____ THE DATA

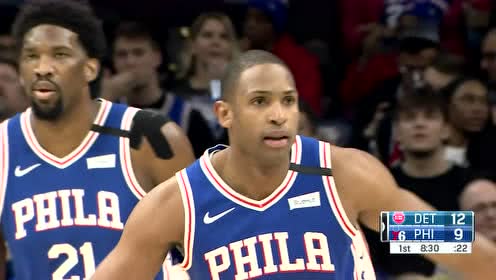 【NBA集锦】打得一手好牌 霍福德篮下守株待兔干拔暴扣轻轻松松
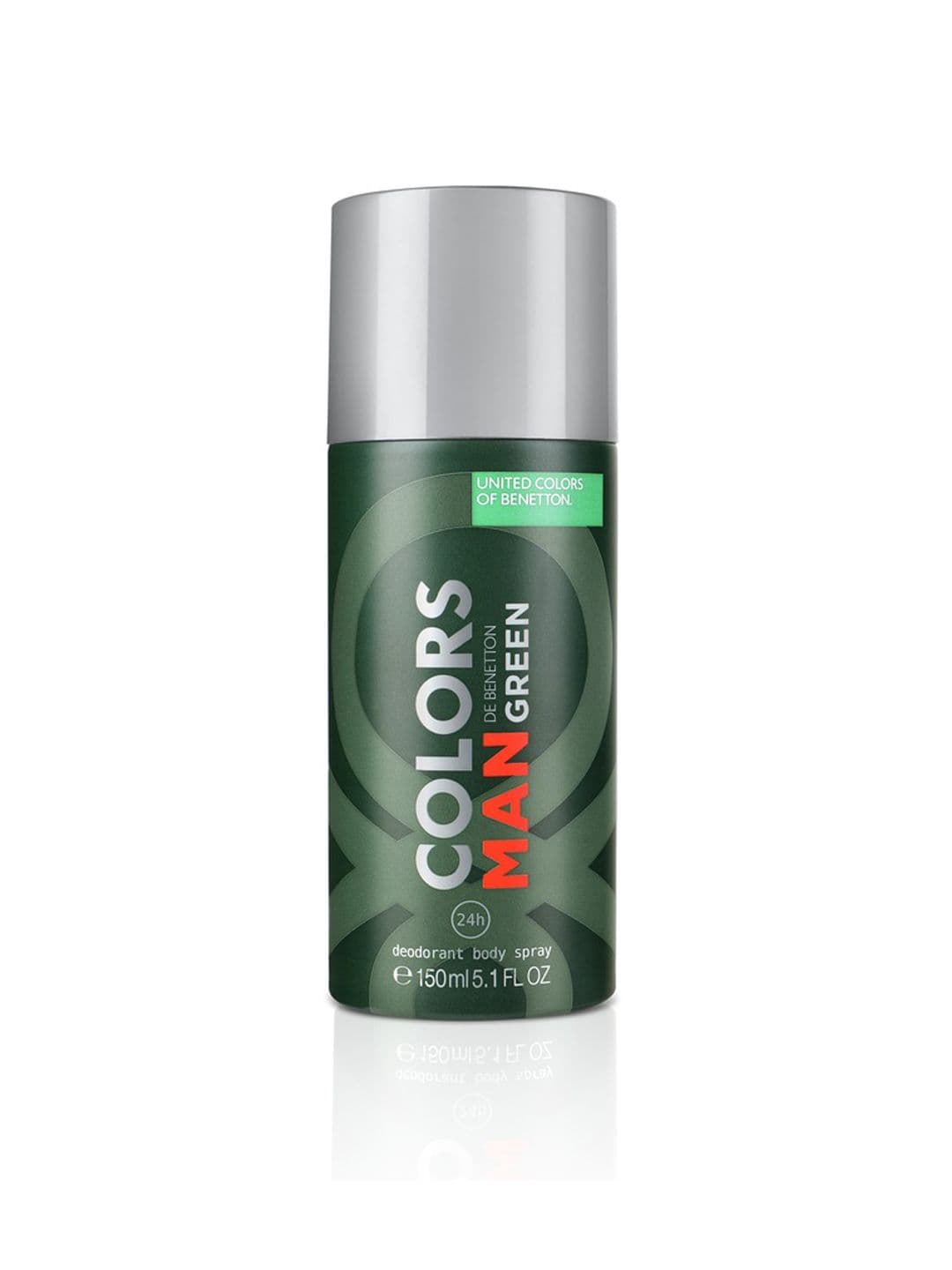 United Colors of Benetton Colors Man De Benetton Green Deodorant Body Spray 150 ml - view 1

________
____ THE DATA

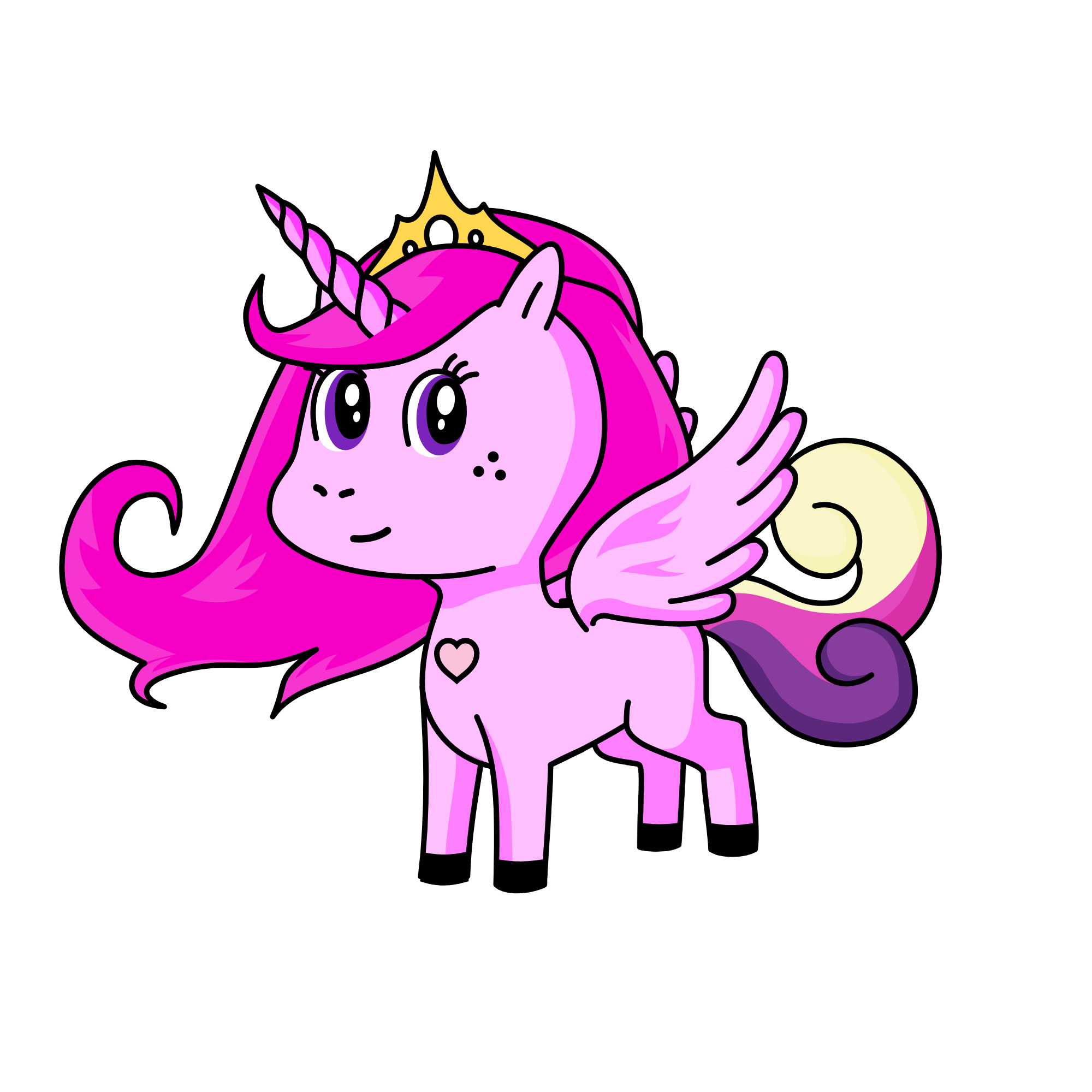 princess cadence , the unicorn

________
____ THE DATA

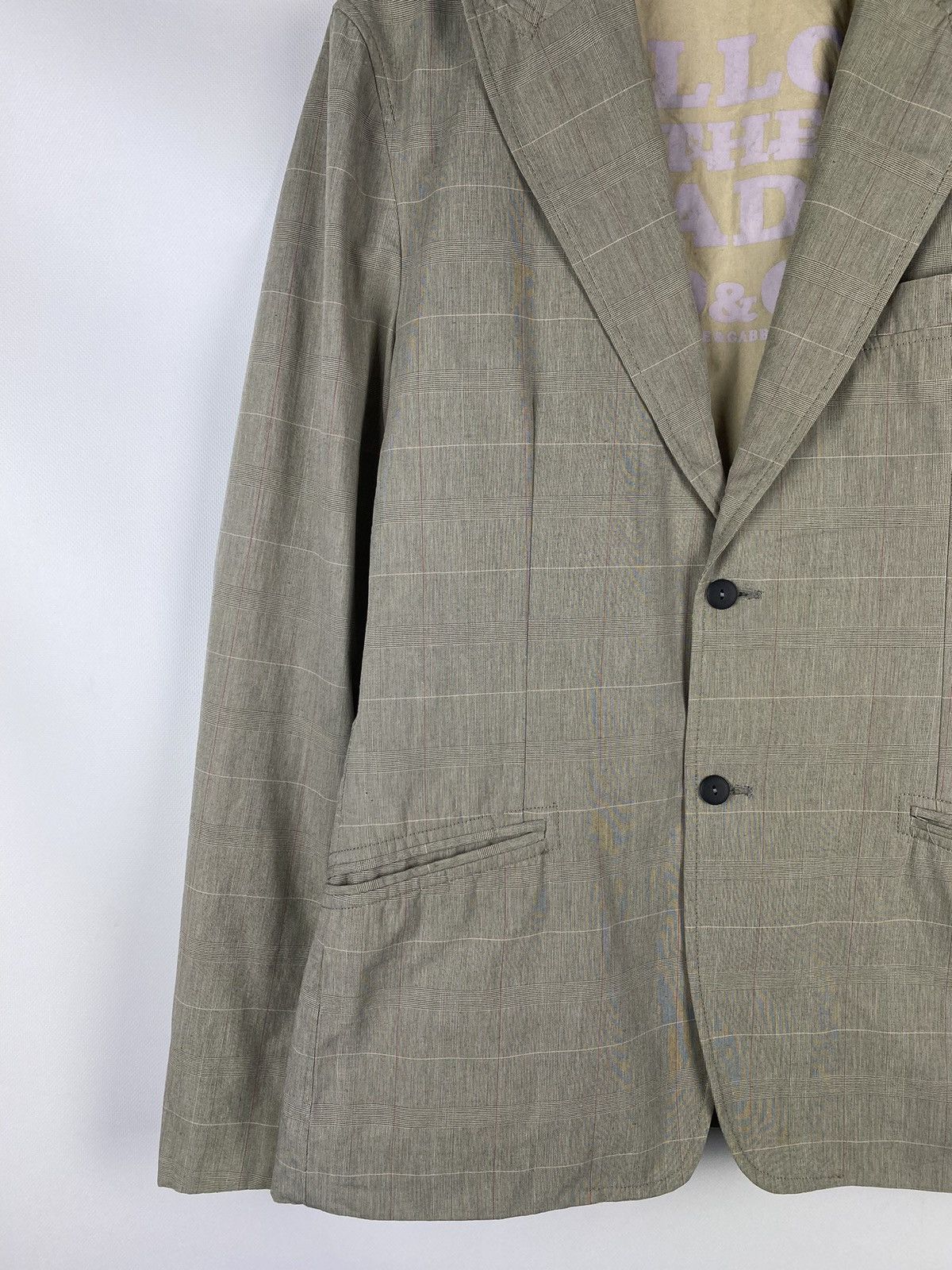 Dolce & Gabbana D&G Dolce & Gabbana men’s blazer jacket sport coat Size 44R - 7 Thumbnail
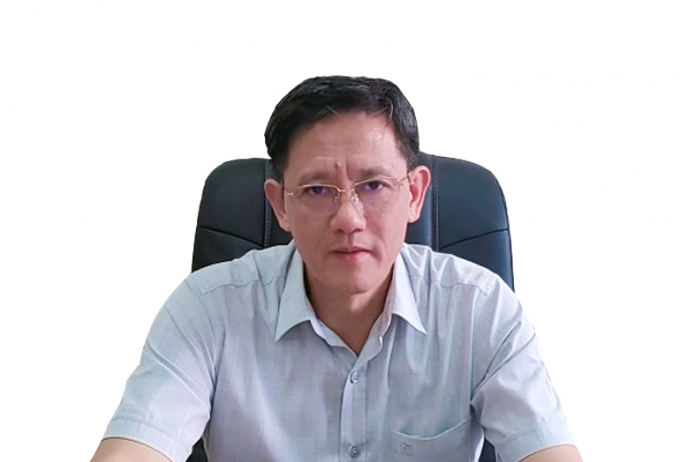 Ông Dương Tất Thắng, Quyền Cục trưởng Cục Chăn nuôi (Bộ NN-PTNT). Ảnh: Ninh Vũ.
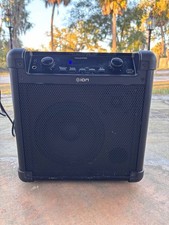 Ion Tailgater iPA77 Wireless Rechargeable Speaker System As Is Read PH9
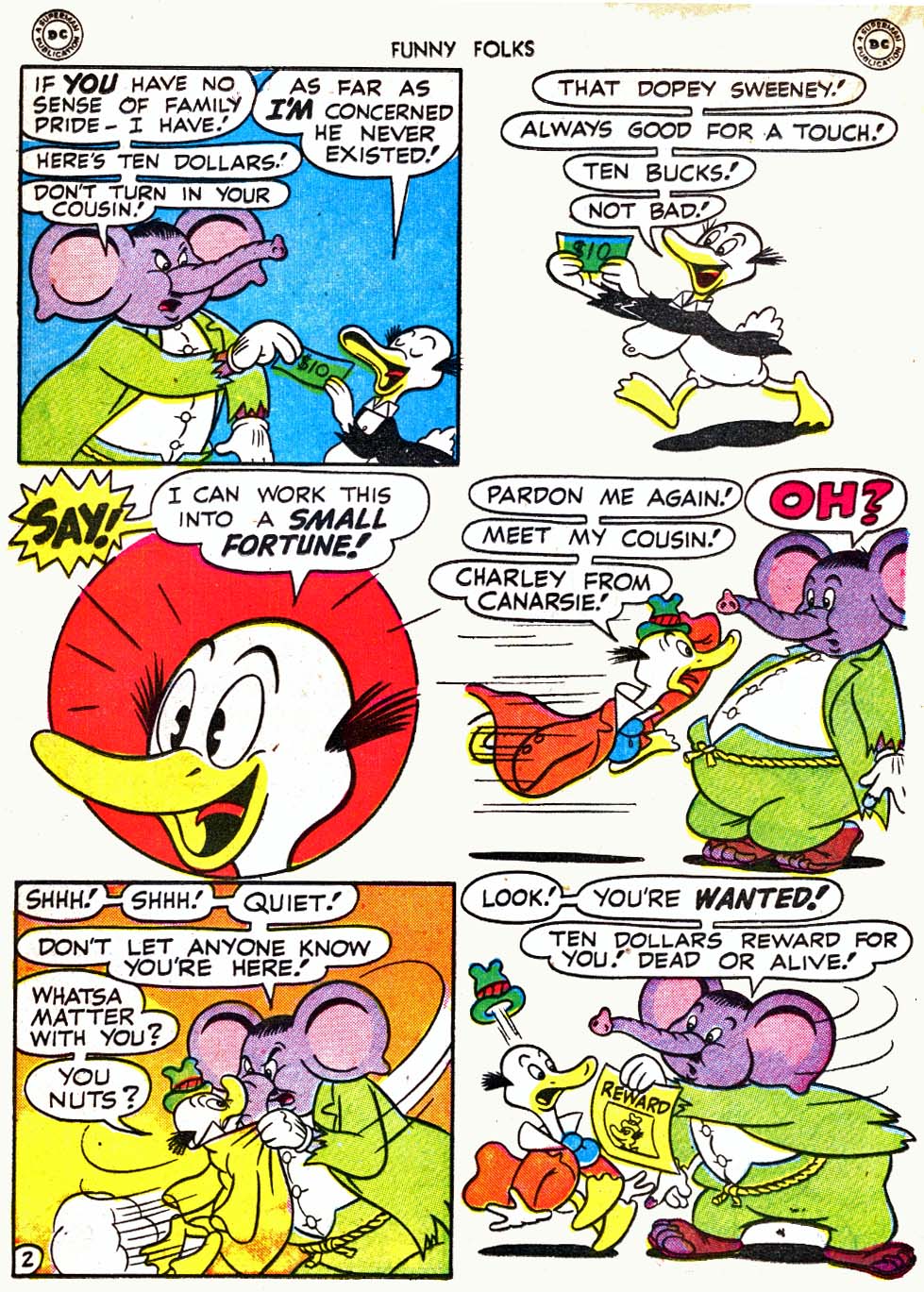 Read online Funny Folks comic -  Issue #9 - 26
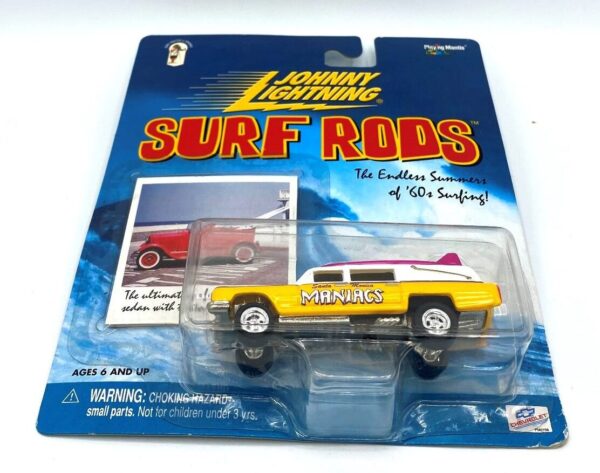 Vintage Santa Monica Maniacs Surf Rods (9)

________

● **WHAT YOU SHOULD DO**: Write down exactly what the lines above say, from the line holding "Dolce & Gabbana D&G" through the line holding "Vintage Santa Monica Maniacs Surf Rods (9)", and nothing more. Do not copy the pictures.

● **WRITTEN ANSWER**:
 Dolce & Gabbana D&G Dolce & Gabbana men’s blazer jacket sport coat Size 44R - 7 Thumbnail
 Ông Dương Tất Thắng, Quyền Cục trưởng Cục Chăn nuôi (Bộ NN-PTNT). Ảnh: Ninh Vũ.
 Ion Tailgater iPA77 Wireless Rechargeable Speaker System As Is Read PH9
 Read online Funny Folks comic -  Issue #9 - 26
 Vintage Santa Monica Maniacs Surf Rods (9)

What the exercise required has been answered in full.